■ Problem statement: Return the lines below exactly, please, from the one containing "a view of an" through the last one, both included, and leave out any pictures.

Recorded data START

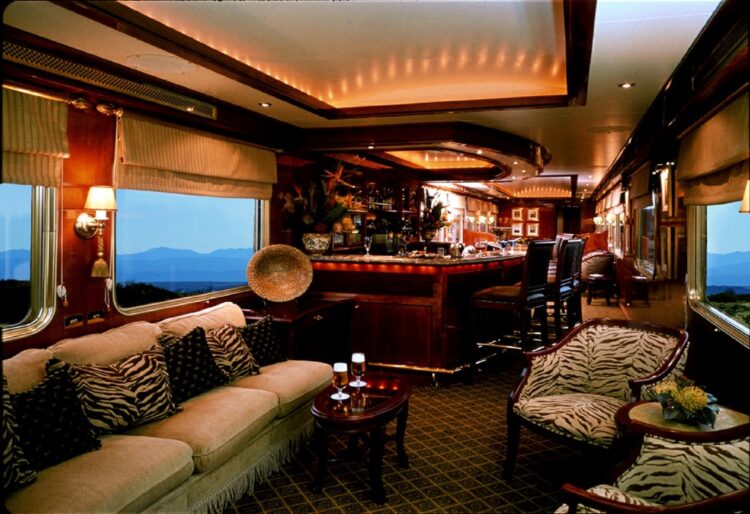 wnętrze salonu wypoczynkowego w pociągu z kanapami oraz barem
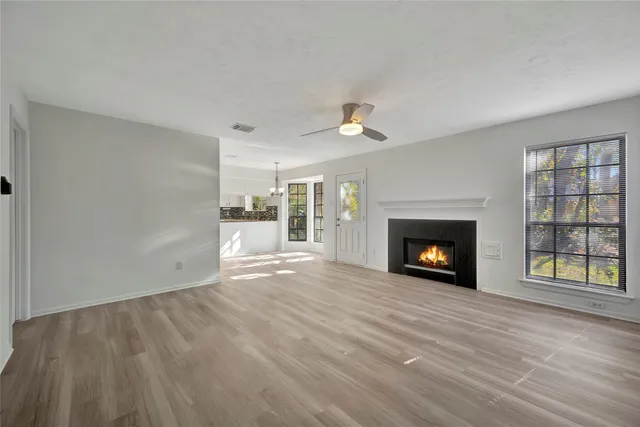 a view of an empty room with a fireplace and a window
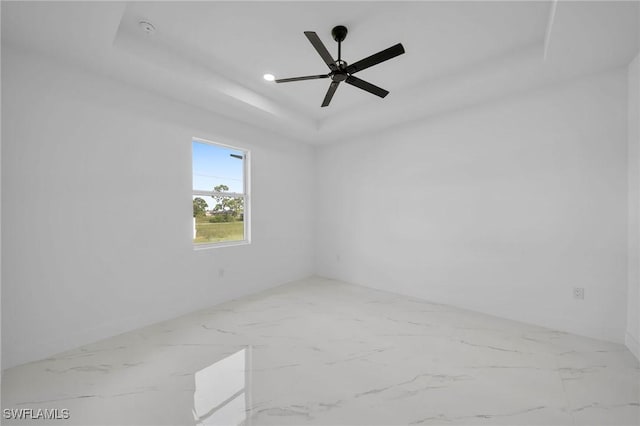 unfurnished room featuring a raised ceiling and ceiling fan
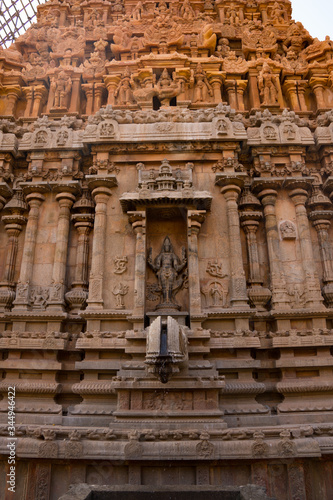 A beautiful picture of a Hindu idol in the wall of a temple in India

Recorded data END

■ Finished task:
 a view of an empty room with a fireplace and a window
 unfurnished room featuring a raised ceiling and ceiling fan
 A beautiful picture of a Hindu idol in the wall of a temple in India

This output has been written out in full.